__Task item__
Tell how many lines in the data below hold the string "Casual"; give nothing but the number.

__Dataset extract__
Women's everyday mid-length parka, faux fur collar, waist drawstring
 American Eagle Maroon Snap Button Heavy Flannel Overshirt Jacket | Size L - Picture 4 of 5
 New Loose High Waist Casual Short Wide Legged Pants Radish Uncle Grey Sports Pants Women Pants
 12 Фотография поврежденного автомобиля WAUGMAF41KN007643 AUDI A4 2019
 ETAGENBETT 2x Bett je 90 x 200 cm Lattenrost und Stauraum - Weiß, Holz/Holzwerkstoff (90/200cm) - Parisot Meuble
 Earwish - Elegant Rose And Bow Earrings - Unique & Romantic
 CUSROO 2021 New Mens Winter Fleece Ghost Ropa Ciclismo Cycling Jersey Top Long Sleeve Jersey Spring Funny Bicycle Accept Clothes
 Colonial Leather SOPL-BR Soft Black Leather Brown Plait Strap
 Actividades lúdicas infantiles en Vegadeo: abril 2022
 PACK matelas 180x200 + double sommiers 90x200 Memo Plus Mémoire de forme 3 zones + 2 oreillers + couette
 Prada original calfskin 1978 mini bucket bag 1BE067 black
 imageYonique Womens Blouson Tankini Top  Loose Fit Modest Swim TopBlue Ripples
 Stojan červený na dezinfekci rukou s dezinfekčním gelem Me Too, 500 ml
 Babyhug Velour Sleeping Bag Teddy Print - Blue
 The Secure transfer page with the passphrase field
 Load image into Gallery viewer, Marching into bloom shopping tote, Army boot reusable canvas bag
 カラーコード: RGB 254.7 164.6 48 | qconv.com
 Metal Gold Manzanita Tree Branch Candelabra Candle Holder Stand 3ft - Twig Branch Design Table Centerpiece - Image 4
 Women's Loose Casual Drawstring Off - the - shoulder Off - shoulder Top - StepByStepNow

__Response below__
2